— The task —
Output every line below exactly, please, omitting pictures.

** Given material follows **

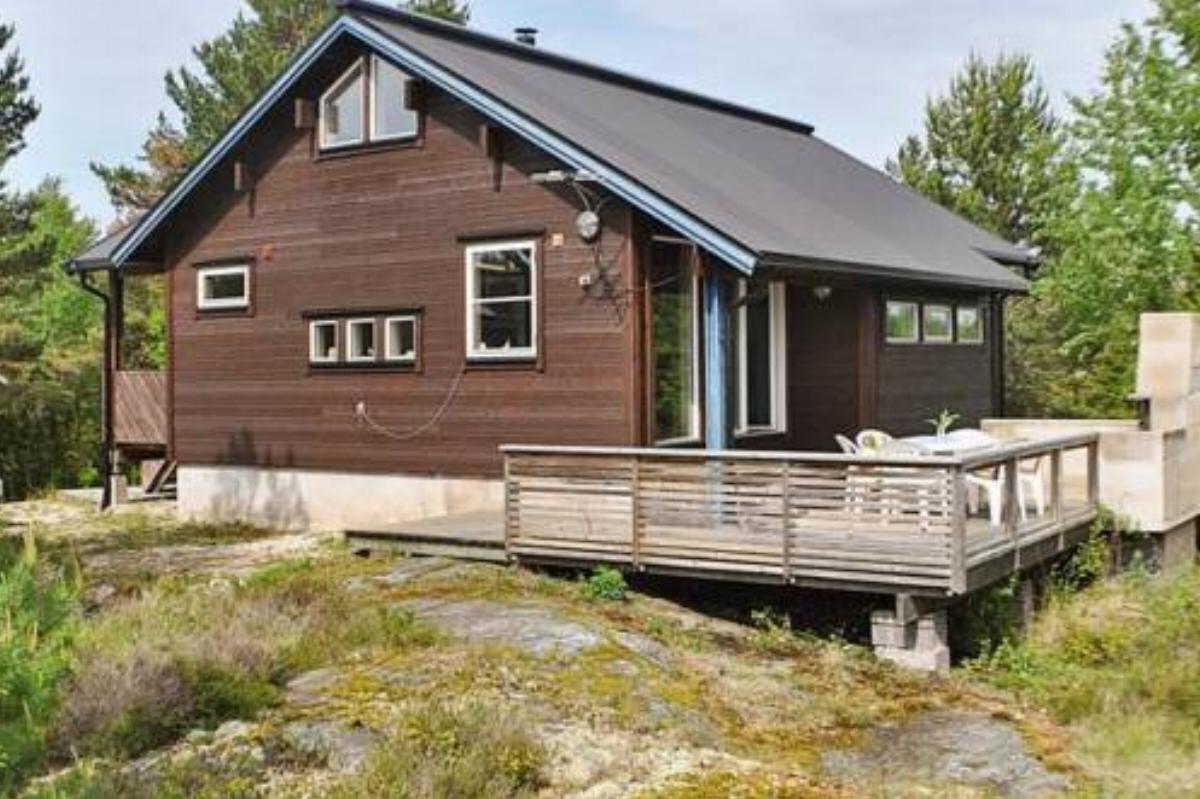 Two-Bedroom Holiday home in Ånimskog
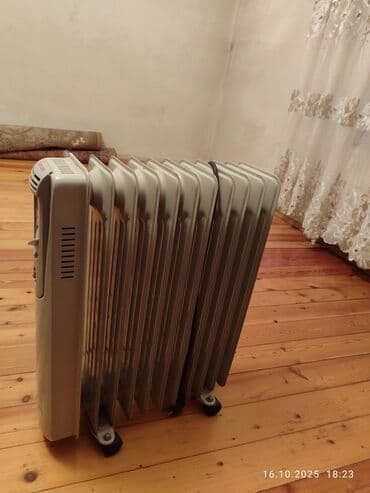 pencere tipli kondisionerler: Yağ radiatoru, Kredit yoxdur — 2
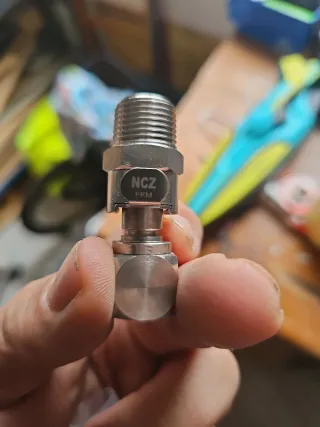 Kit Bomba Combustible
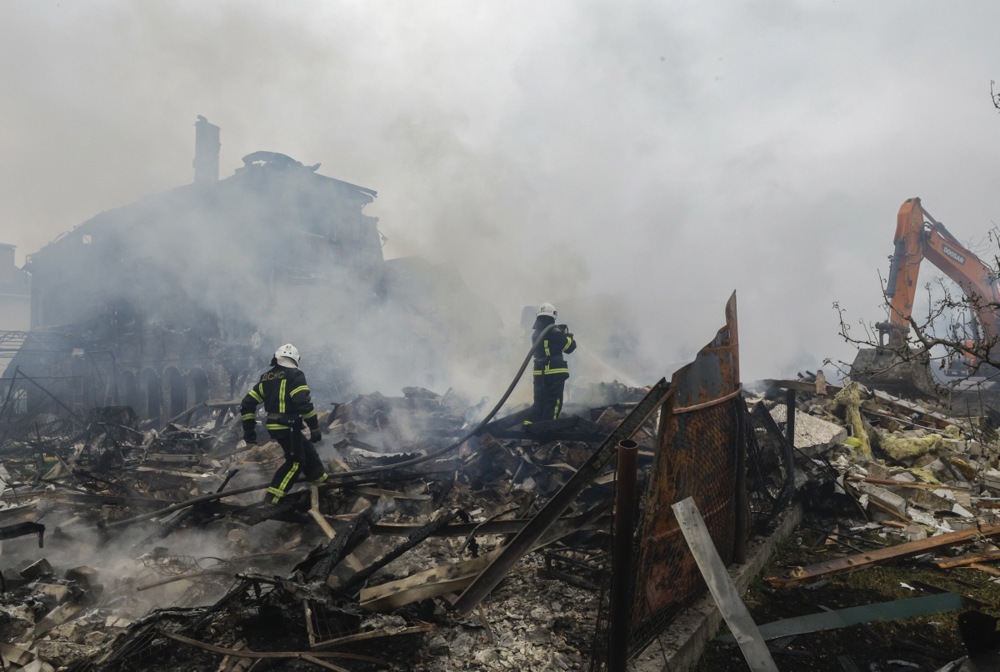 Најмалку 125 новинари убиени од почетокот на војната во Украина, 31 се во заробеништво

** End of Given material **

— Exercise answer —
 Two-Bedroom Holiday home in Ånimskog
 pencere tipli kondisionerler: Yağ radiatoru, Kredit yoxdur — 2
 Kit Bomba Combustible
 Најмалку 125 новинари убиени од почетокот на војната во Украина, 31 се во заробеништво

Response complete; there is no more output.